Antimicrobial activity of a novel peptide deformylase inhibitor, LBM415, tested against respiratory tract and cutaneous infection pathogens: a global surveillance report (2003-2004)

Abstract

Objectives: To evaluate the spectrum of activity and potency of LBM415, the first of the peptide deformylase inhibitor (PDFI) class to be developed for treatment of community-acquired respiratory tract infections and uncomplicated skin and soft tissue infections (uSSTI), against a large, contemporary international collection of targeted pathogens collected during 2003-2004.

Methods: A total of 21,636 isolates were tested by reference broth microdilution methods as part of a longitudinal international antimicrobial resistance surveillance study.

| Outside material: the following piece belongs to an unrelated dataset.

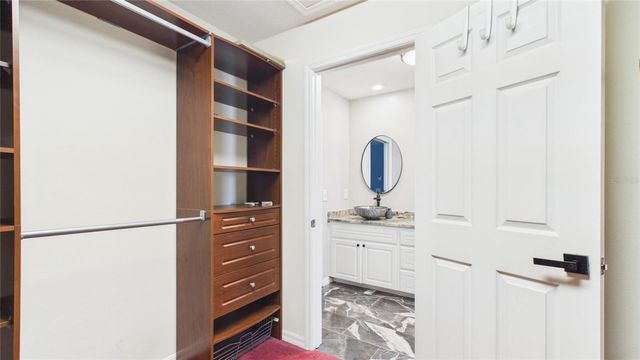 315 LANCEOLATE DRIVE, Winter Haven, FL 33880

Characteristics of the organism collection included resistance to oxacillin among 35.0% of Staphylococcus aureus and 76.0% of coagulase-negative staphylococci (CoNS); resistance to penicillin (MIC > or = 2 mg/L) among 18.0% of Streptococcus pneumoniae; vancomycin resistance among 20.0% of Enterococcus spp. and ampicillin resistance among 22.0% of Haemophilus influenzae.

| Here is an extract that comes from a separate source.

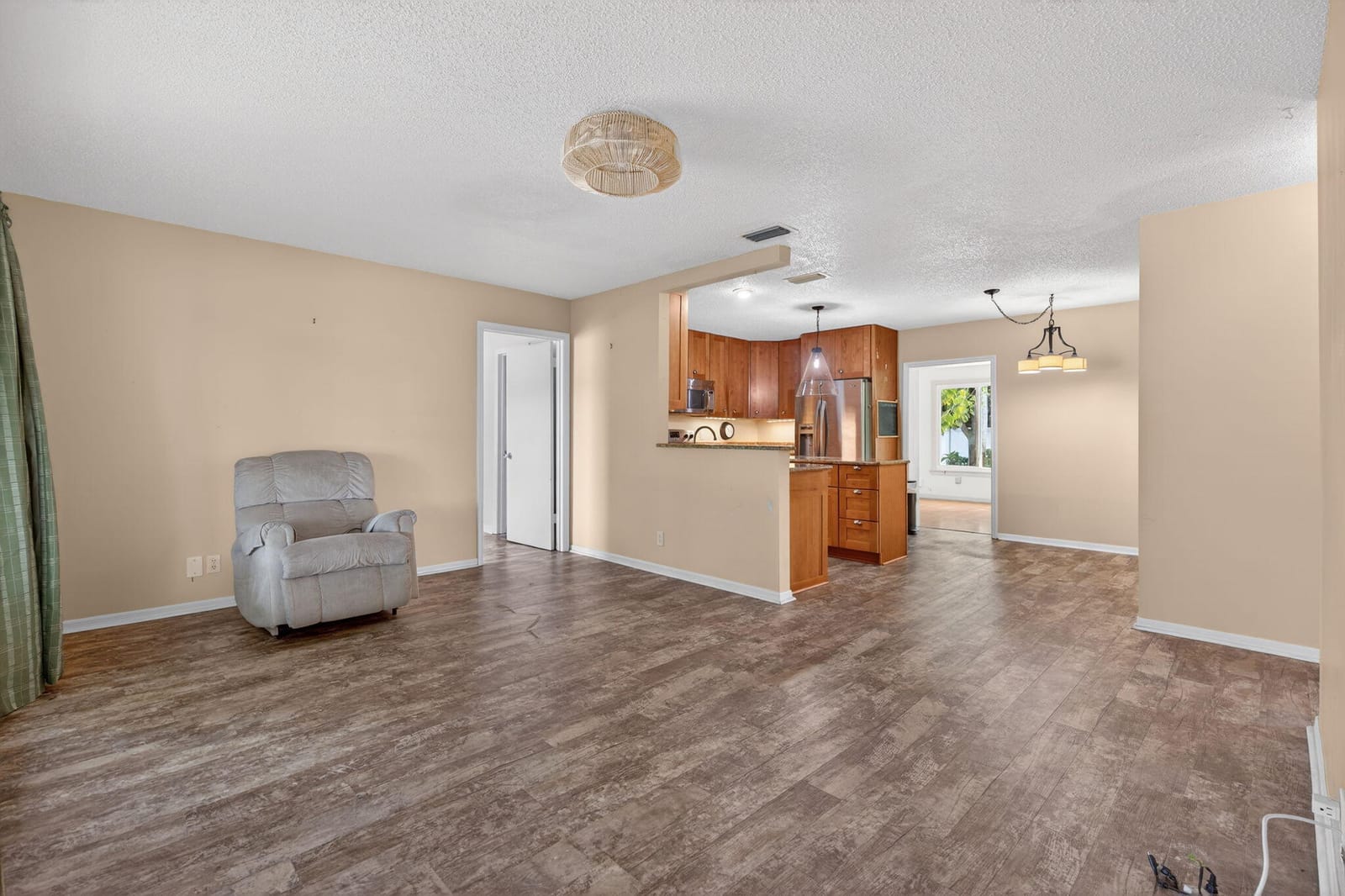 8675 SE Keathley Court — photo 5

Results: LBM415 displayed potent activity against staphylococci, streptococci, Enterococcus faecium and Moraxella catarrhalis, with > or = 99.0% of strains being inhibited at < or = 4 mg/L; 97.0% of Enterococcus faecalis isolates and 92.0% of H. influenzae isolates were also inhibited at this concentration. Seventy-seven percent of Burkholderia cepacia and 82.0% of Stenotrophomonas maltophilia were inhibited at < or = 8 mg/L. No differences in LBM415 activity against S. aureus, CoNS, S. pneumoniae, Enterococcus spp. and H. influenzae were detected for subsets susceptible or resistant to antimicrobials such as oxacillin, penicillin, ampicillin, macrolides, vancomycin and fluoroquinolones. While regional differences were apparent with some comparator agents, sensitivity to LBM415 did not vary significantly among strains from the various geographic areas sampled. One isolate of S. aureus displayed high-level resistance to LBM415 owing to multiple sequence changes in resistance phenotype genes (defB and fmt), despite the absence of the compound in clinical practice. This isolate remained susceptible to all other antimicrobials tested except for penicillin.

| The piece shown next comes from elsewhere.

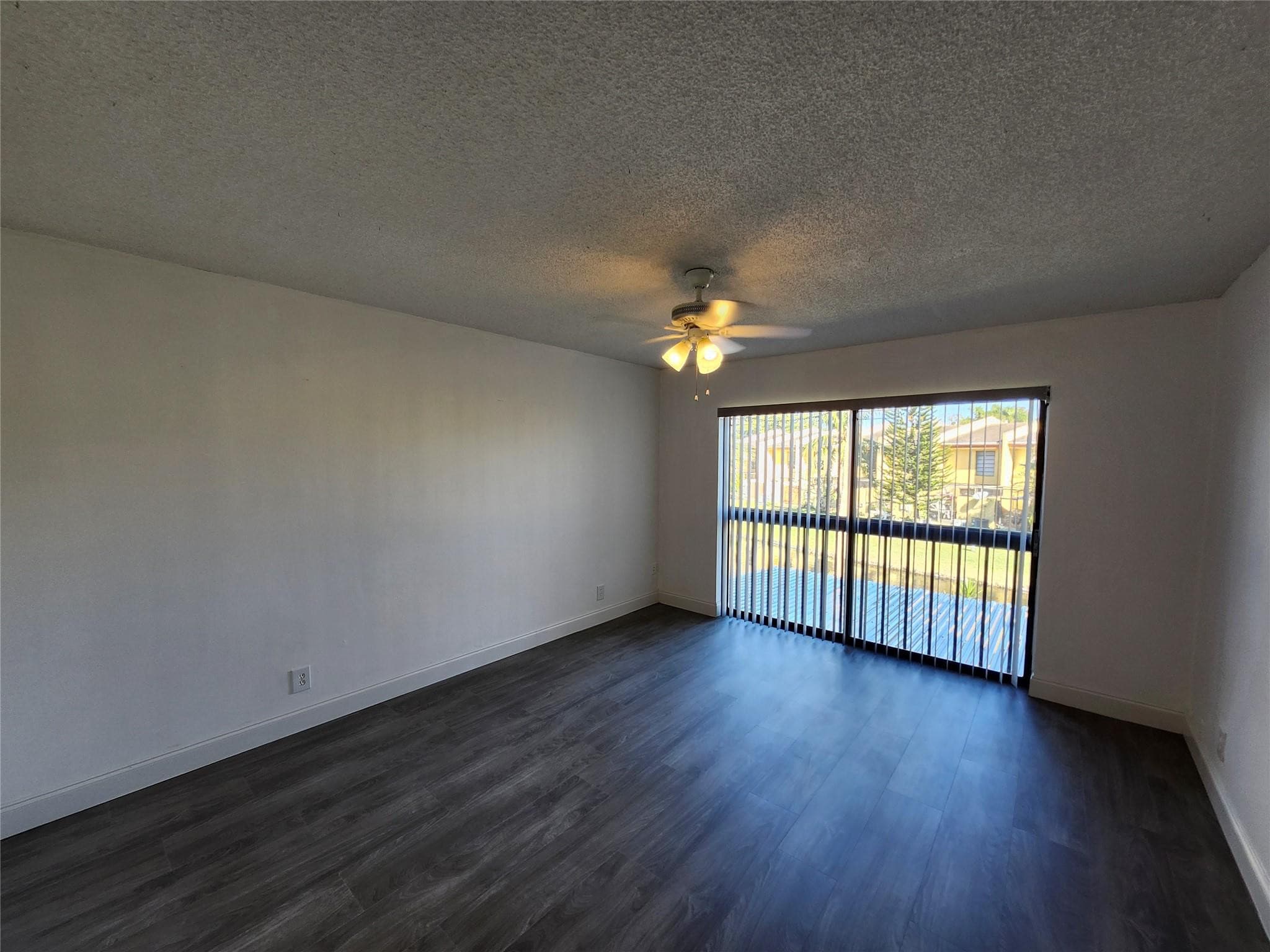 9421 NW 15th Street 234, Pembroke Pines, FL 33024 14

Conclusions: With few differences detected among strains from various geographic regions, the first PDFI class agent to enter clinical development has consistently demonstrated a broad spectrum of activity against commonly isolated pathogens associated with uncomplicated respiratory and cutaneous infections. These compounds represent a significant therapeutic advance owing to their novel mechanism of action and antibacterial spectrum, including activity against resistant organisms, should pharmacokinetic and pharmacodynamic parameters support their continued development. Given the detection of a pre-existing PDFI-resistant isolate of S. aureus as demonstrated here, surveillance for resistance among the PDFI-targeted pathogens following introduction of this class of agent into clinical usage will be an important component of future studies.